Database Data File Physical Fragmentation From Small Auto-Growth Setting

  • I've placed this post in the SS2005 Performance Tuning section of the forum because it was totally ignored in the 2012 section of the forum.

    The server is SS2012.

    ________________

    To All,

    I need some advice. I've just started a new job and one of the first problems I've encountered is that a 365 GB database has auto-grown 1 MB at a time since the day it was created.

    3 years ago, the database was on direct attached storage. Then, it was moved to a Dell-Compellent SAN, a system for which I am a certified administrator. The database migration involved a database backup and a restore to the SAN which eliminated the physical fragmentation. But after that, it kept auto-growing in 1 MB increments. So, it probably has at least 100,000->200,000+ 1MB file fragments scattered all over multiple disk drives.

    I am going to review the performance implications of this condition with Dell-Compellent.

    In the meantime, I'd like to hear from any of the community on this forum:

    1. If you've had this situation, how did you respond to it?

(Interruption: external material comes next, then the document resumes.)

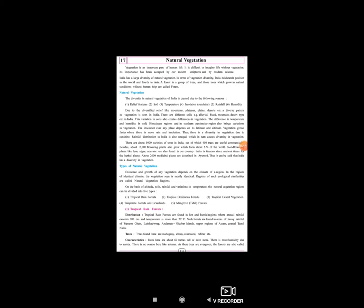तो जंगल किसे कहते हैं? जो बहुत सारे अलग-अलग वृक्षों का एक जुंड होता है, काफी area तक जहाँ सिर्फ वृक्ष पाये जाते हैं। वो natural condition से उगते हैं, without any human help - किसी human की help नहीं होती, वो खुद से ही उग जाते हैं और जंगल के रूप में परिवर्तित हो जाते हैं।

    2. Is the potential for server performance degradation reduced if the database data file is on a SAN?

    3. If I must take action to rectify this condition, what are my best options?

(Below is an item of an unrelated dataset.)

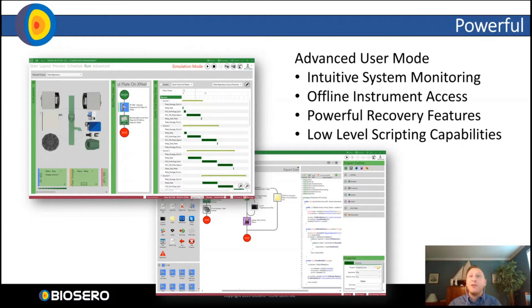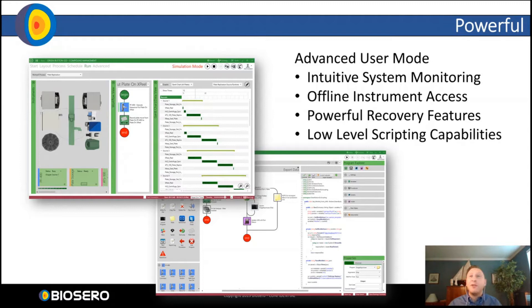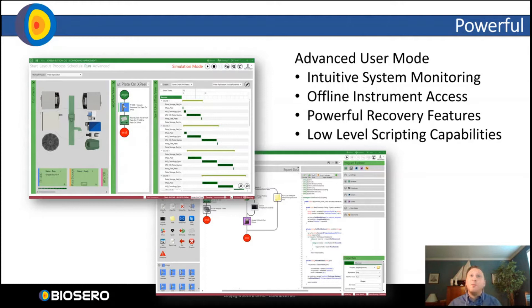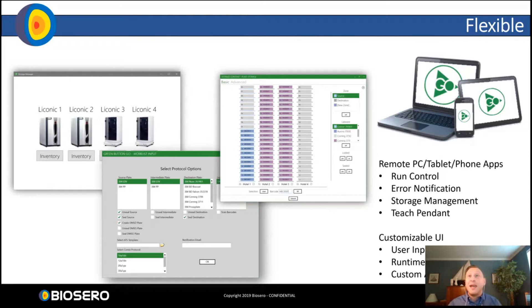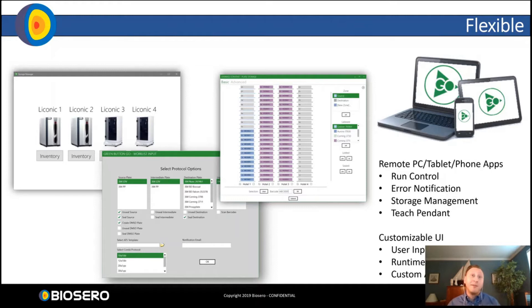Green Button Go also has an advanced user mode that gives the user complete control and power over their system. They can script low-level instrument commands, incorporate C-sharp Python scripting to unlock better data management. We can execute external programs. We can even have the system tweet at users when something goes wrong. What we give our users in the advanced mode is really unlimited. It's almost its own visual programming language to allow you to fully program your automation as you need.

    On the last question, I'm considering 3 options:

    1. A full backup and restoration of the database:

    1a. Backup the database.

    1b. Take the database out of production.

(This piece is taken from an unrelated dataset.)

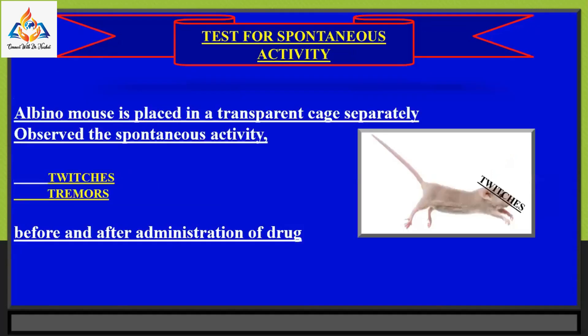In the spontaneous activity test, an albino mouse is placed in a transparent cage separately for at least 15 minutes, and spontaneous activity including twitches and tremors is observed before and after administration of drug. Motor activity is a good index for studying the effects of pharmacological agents.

    1c. Delete the database.

    1d. Recreate the database with appropriate initial and auto-growth settings.

    1e. Restore the database.

    1f. Reconnect the Login and User SIDs.

    1g. Resume production.

    2. Take a SAN based snapshot of the database and use it to replace the existing database. (I don't think this will produce the desired results and I'm going to review it with Dell-Compellent.)

    3. File defragmenting software. There is a file defragmenting program available from Microsoft that is specifically designed to turn physically fragmented files into contiguous files: http://technet.microsoft.com/en-us/sysinternals/bb897428.aspx. Contig.exe Version 1.7. It sounds promising.

    I would be very interested in your responses, especially if you've actually had to solve a similar problem.

  • Wow. Not a single response.

    My post was either a really good one or a really bad one.

  • I only considered doing this once but never had to carry it out (we ended up migrating to new servers) so was curious towards the responses. I was watching this thread (and the one in the 2012 forum) to see if anyone would jump in, but for lack of an expert wanting to weigh in I'll throw in my lowly two cents.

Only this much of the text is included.